Laura Elizabeth Woollett’s novel Beautiful Revolutionary (Scribe 2018) is a work of fiction inspired by the real-life events of Jim Jones and his Peoples Temple. That story is well known, of the charismatic leader and his unorthodox church, which tragically ended when over 900 people committed mass suicide at the Peoples Temple headquarters in South America. The author has undertaken rigorous research, including speaking to former members of the church, survivors of the tragedy, and family members of those who died. She has invented the lives of fictional characters based on what she knows to be true and has imagined how and why men and women were drawn to Jim Jones in such a compelling way.

In 1968, Evelyn Lynden – an atheist but a minister’s daughter, an independent woman but newly married, a ‘bitch with a bleeding heart’ – follows her husband, Lenny, to the rural idyll of Evergreen Valley in California. Lenny is a conscientious objector and he and Evelyn both have strong views about politics, war, racial tensions, inequality and societal upheaval. When she enters the orbit of Jim Jones, she is pulled dangerously close to his inner sanctum, which threatens her marriage and the relations within her family.

This book is so interesting because it doesn’t place Jim Jones at the centre of the story; rather it is Evelyn and Lenny, and so many other characters, that come in and out of focus as the narrative progresses. We learn about the normal lives of average people, the young ones striving for a better world, the older people frightened of change, and with each we are given a glimpse of understanding as to how they were attracted to Jones and what made them not only stay with him, but become so entrenched in his complicated communal way of life. It is easy to write off cult members as somehow slightly unhinged or less tethered to reality than we imagine we would be in the same situation, but this book presents well-rounded characters with their flaws alongside their dreams and ambitions, and somehow makes the incomprehensible something we can understand.

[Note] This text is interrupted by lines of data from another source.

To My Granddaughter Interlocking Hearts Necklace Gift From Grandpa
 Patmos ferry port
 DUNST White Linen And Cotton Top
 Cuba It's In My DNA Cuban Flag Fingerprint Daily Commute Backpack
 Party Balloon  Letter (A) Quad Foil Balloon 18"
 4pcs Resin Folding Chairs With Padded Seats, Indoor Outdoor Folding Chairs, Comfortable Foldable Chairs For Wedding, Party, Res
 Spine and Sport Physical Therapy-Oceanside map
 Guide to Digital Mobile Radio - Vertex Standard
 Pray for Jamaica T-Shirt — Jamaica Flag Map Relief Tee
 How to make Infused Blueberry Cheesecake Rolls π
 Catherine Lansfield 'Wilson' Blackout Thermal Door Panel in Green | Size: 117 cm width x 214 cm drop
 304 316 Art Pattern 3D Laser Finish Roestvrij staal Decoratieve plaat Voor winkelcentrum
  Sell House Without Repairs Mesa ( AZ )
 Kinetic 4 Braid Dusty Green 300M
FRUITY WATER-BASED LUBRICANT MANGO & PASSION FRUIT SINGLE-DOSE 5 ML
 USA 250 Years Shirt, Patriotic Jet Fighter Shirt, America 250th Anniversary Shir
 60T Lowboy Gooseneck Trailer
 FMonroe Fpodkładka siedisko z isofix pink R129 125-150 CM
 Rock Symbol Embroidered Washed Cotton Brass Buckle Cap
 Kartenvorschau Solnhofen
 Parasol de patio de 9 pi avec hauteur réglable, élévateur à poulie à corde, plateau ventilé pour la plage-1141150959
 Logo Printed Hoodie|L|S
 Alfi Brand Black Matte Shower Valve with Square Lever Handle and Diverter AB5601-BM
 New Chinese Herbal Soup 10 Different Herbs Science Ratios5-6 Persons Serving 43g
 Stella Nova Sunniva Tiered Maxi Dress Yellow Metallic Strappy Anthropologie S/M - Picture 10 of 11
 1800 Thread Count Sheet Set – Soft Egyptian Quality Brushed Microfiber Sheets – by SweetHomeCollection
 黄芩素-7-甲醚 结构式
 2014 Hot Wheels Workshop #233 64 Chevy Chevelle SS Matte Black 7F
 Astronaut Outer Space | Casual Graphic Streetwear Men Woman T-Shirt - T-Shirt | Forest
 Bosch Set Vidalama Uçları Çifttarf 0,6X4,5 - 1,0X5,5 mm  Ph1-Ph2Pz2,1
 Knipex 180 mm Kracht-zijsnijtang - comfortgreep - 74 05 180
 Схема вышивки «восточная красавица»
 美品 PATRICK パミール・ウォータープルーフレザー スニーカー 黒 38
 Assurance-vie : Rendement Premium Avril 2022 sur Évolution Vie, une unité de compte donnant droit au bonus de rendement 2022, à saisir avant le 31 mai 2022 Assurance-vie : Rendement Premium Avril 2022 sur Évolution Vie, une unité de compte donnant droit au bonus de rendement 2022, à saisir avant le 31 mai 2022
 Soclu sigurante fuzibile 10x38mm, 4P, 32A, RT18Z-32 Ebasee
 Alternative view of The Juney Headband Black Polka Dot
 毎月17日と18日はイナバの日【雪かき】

The writing in Beautiful Revolutionary is strong, assured and entrancing and the characters are engaging. The main plot – the rise of the Peoples Temple, the killing of a Congressman and the mass suicide – are all known facts, and yet this doesn’t diminish the story’s pull. Even though we already know how it ends before it begins, it is the fate of the many individual characters that we have gradually come to know and care about through the weaving of the story that really keeps us guessing until the final moments. This is a story about dangerous magnetism, peer pressure, fanaticism, soul-searching, sacrifice, loyalty and religion. It is about taking advantage of people’s yearning for idealistic fantasies. It is the story of ordinary men and women caught up in something that grew beyond their beliefs and out of their control.